-------- Stored data

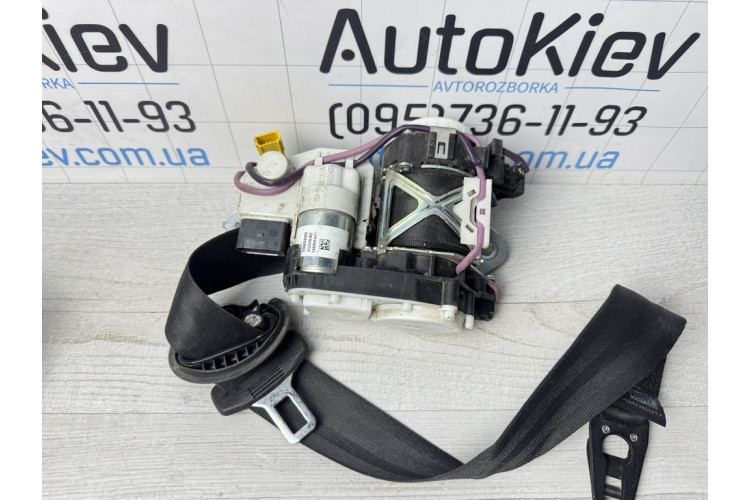 Ремень передний правый AUDI A8 D4 2010-2017 4H0857706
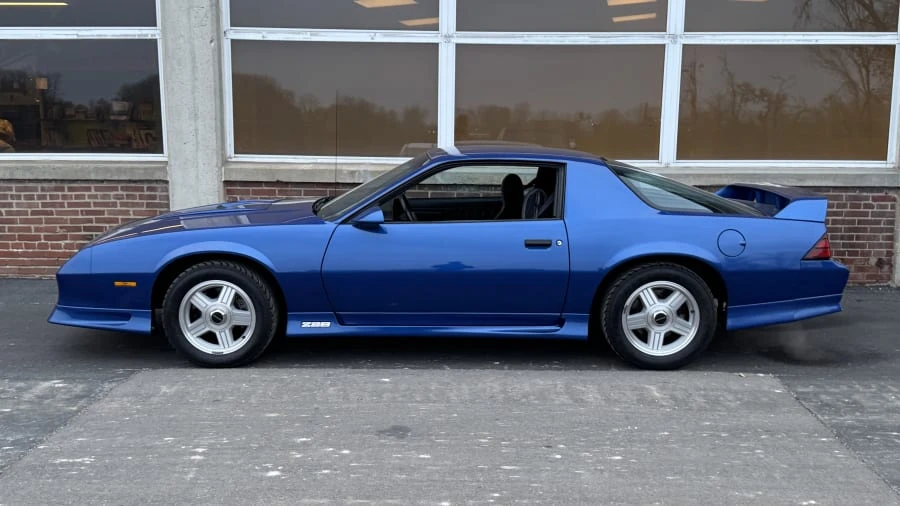 1991 Chevrolet Camaro IROC-Z & Z28 3rd Gen - Image 2 of 9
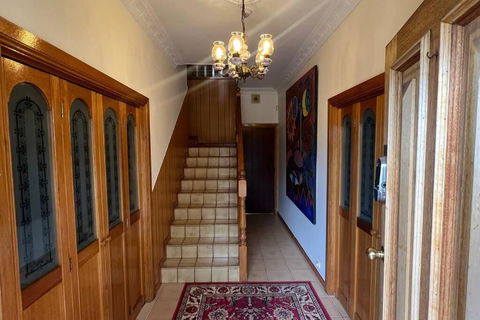 Croydon Beautiful Entire Top Floor 200sqm - Tourism Brisbane 2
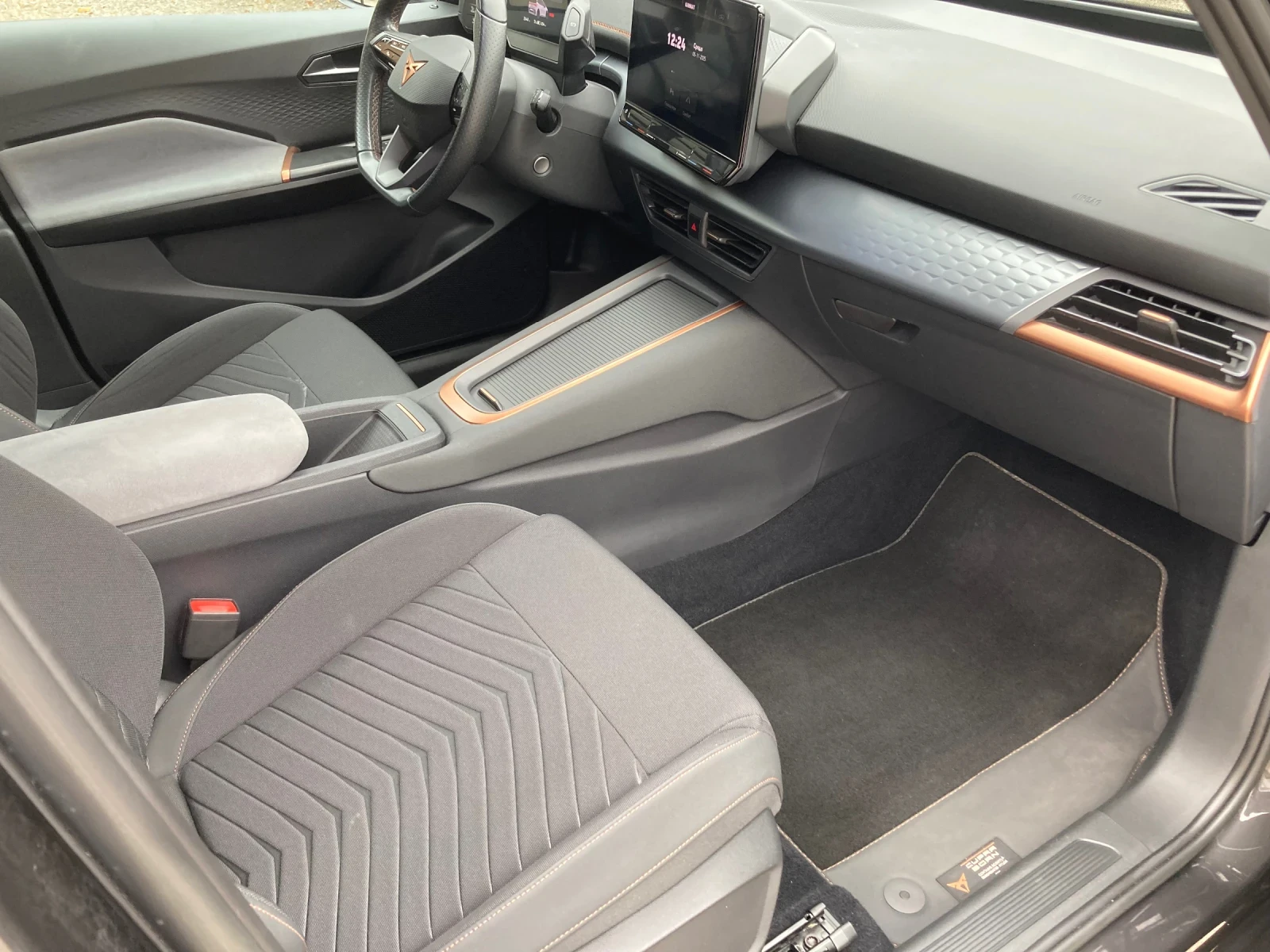 Cupra Born LED/CAM/NAVI/CARPLAY | Mobile.bg   10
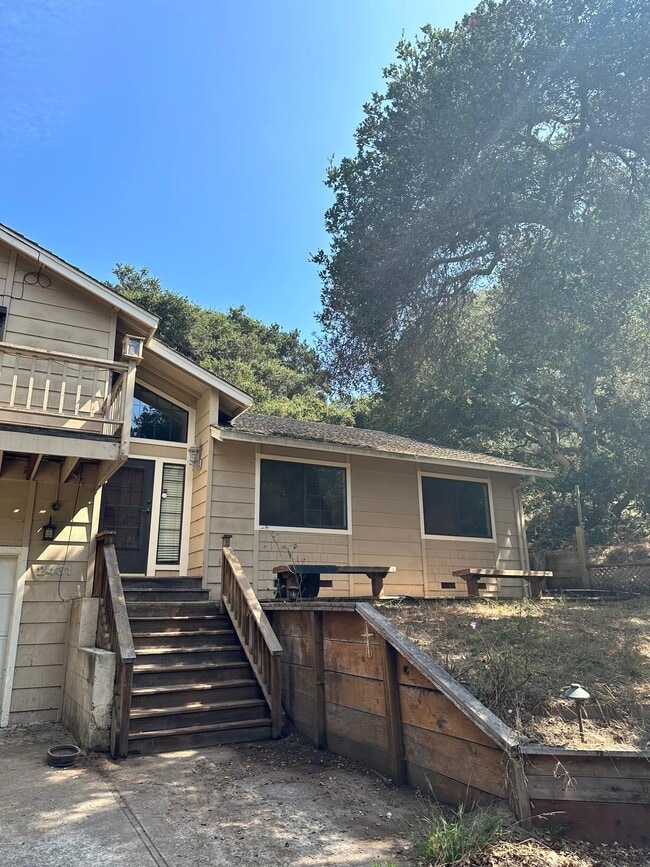 2431 Rifle Range Dr in Royal Oaks, CA - Building Photo - Building Photo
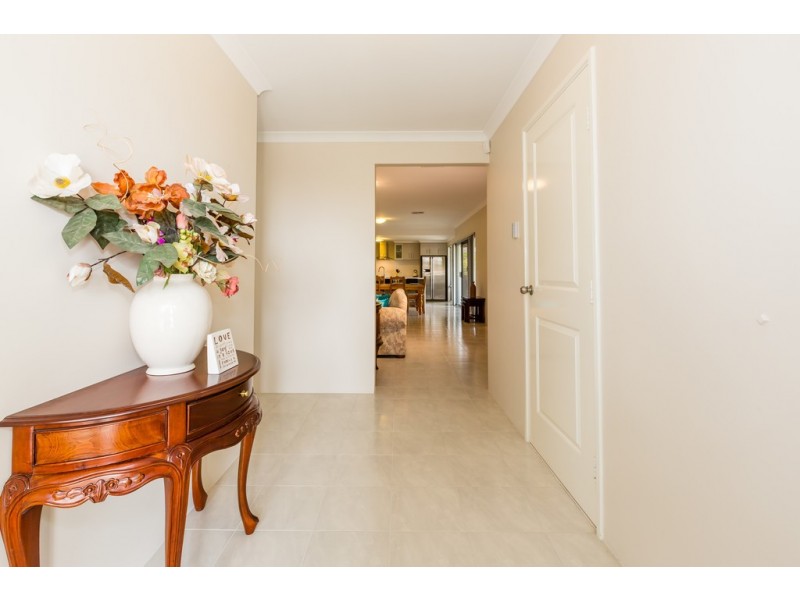 8 Skylark Loop, Erskine WA 6210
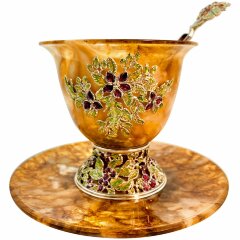 Чайная чашка из янтаря «Колибри»
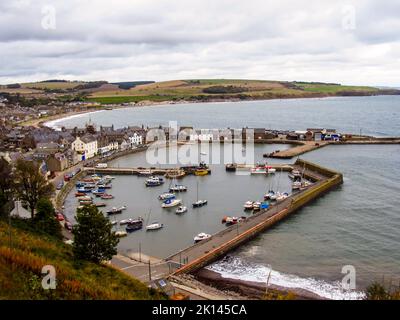 Blick über den Hafen des kleinen Fischerortes Stonehaven in Schottland, Großbritannien Stockfoto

----------------

■ **Activity**:
Give again, word for word, the lines from the one containing "8 Skylark Loop, Erskine WA 6210" through the last line of the entries, with pictures omitted and nothing added.

■ **Result of this task**:
 8 Skylark Loop, Erskine WA 6210
 Чайная чашка из янтаря «Колибри»
 Blick über den Hafen des kleinen Fischerortes Stonehaven in Schottland, Großbritannien Stockfoto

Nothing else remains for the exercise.